*** RECORDS PROVIDED

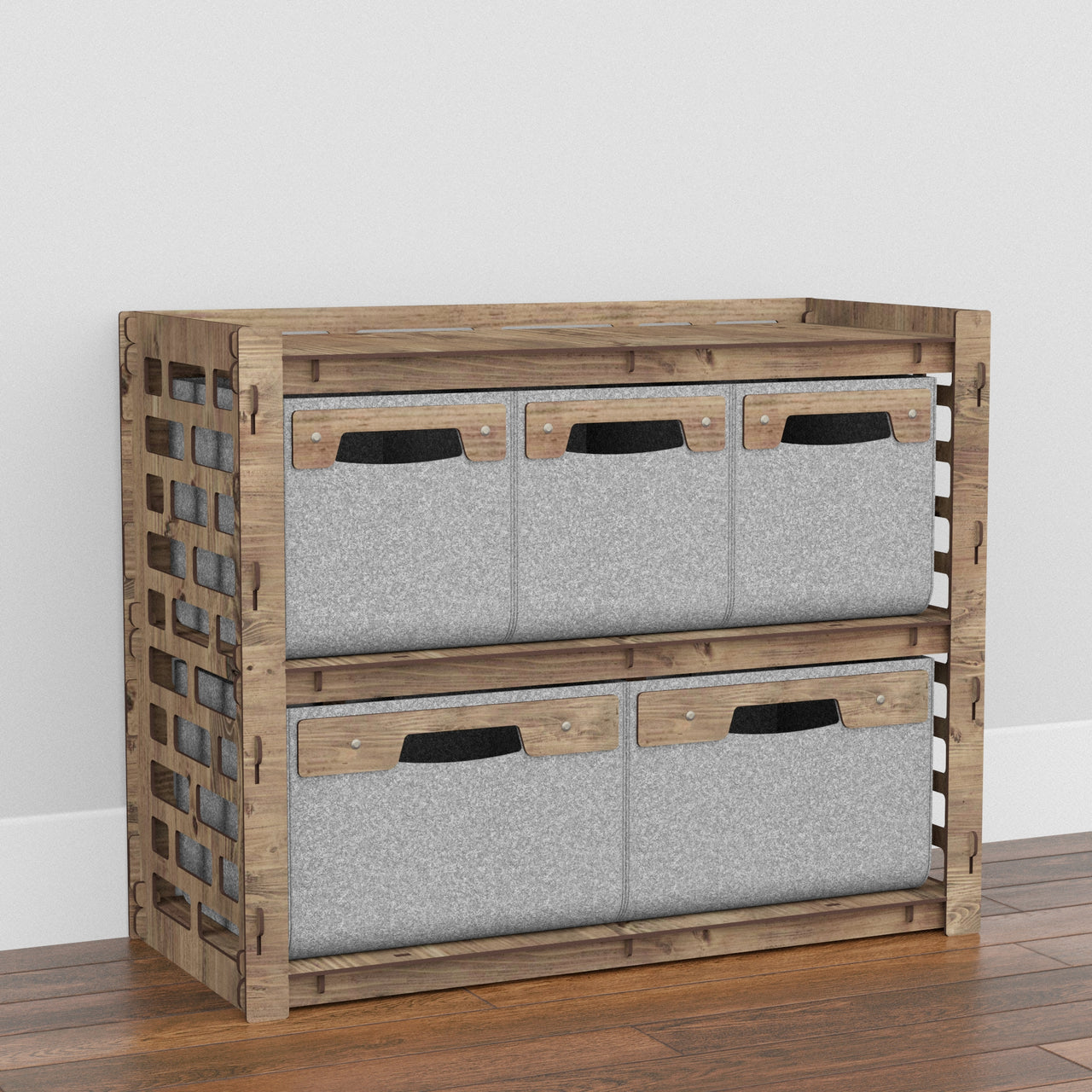 Brickwall Low Dresser 5 Drawers Side Table [2L 3S GRAY BINS]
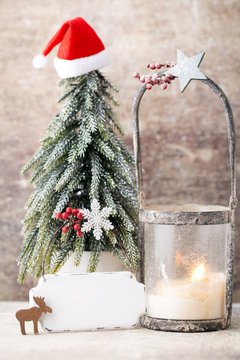 Candlestick. Christmas lantern. Cristmas decoration, greeting ca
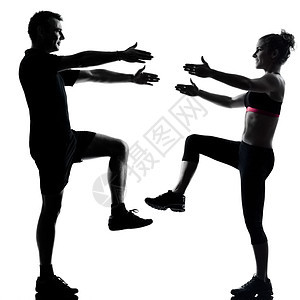 一对夫妇 男性 体操健身培训师讲师训练男人教练女性情侣成年人有氧运动白色图片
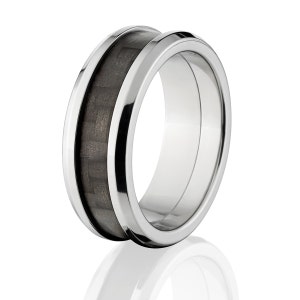 8mm wide Carbon Fiber Rings w/ High Polish Finish, Carbon Fiber Wedding Bands: Carbon Fiber Ring 8FT Ti P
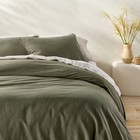 Full queen Heavyweight Linen Blend Duvet Cover And Sham Set Olive Green -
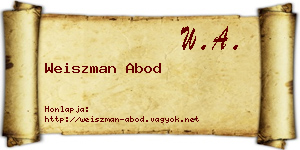 Weiszman Abod névjegykártya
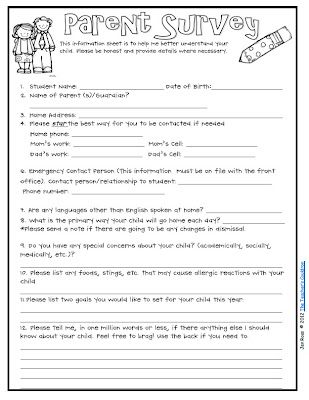 Classroom Freebies: Parent Survey for Beginning of Year...I'm going to fill this out and have C give it to his teacher on the first day :) Parent Survey, Parent Teacher Communication, Beginning Of Year, Classroom Freebies, Back To School Night, School Opening, Beginning Of The School Year, 1st Day Of School, Teacher Organization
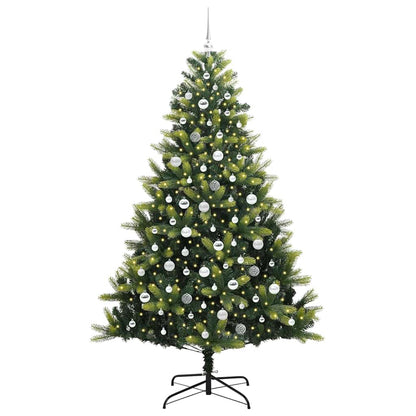 Kunstmatige Gehingde Kerstboom 300 LEDs Groen 210 cm PVC en PE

******

## [PROBLEM]
Copy back exactly the lines above from the one containing "Full queen Heavyweight" through the one containing "Weiszman Abod névjegykártya", and leave every picture behind.

## [RESPONSE TO THIS EXERCISE]
 Full queen Heavyweight Linen Blend Duvet Cover And Sham Set Olive Green -
 Weiszman Abod névjegykártya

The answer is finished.